=== Dataset entries ===
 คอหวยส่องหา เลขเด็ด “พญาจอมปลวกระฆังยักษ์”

==

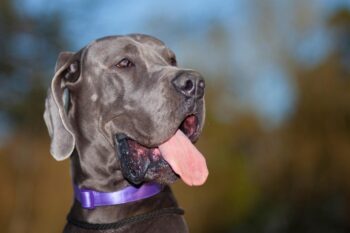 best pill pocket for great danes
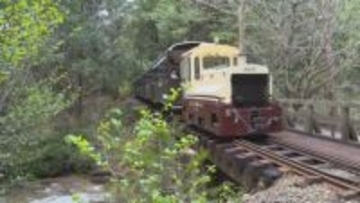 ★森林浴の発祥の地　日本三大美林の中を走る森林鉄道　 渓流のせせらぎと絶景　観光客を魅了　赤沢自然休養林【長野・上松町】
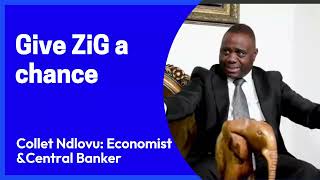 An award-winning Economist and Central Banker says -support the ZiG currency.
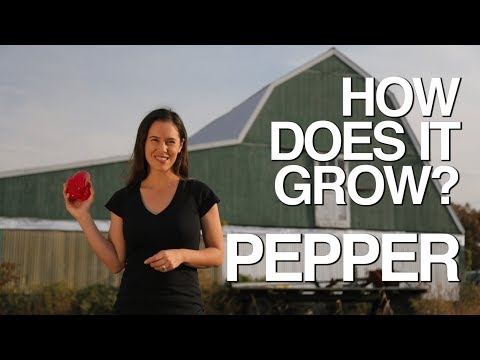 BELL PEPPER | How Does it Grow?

=== Required work ===
Look above for the line holding "best pill pocket for great danes" and output everything from it down to the line holding "BELL PEPPER | How Does it Grow?", both ends included, exactly and without images.

=== Response box ===
 best pill pocket for great danes
 ★森林浴の発祥の地　日本三大美林の中を走る森林鉄道　 渓流のせせらぎと絶景　観光客を魅了　赤沢自然休養林【長野・上松町】
 An award-winning Economist and Central Banker says -support the ZiG currency.
 BELL PEPPER | How Does it Grow?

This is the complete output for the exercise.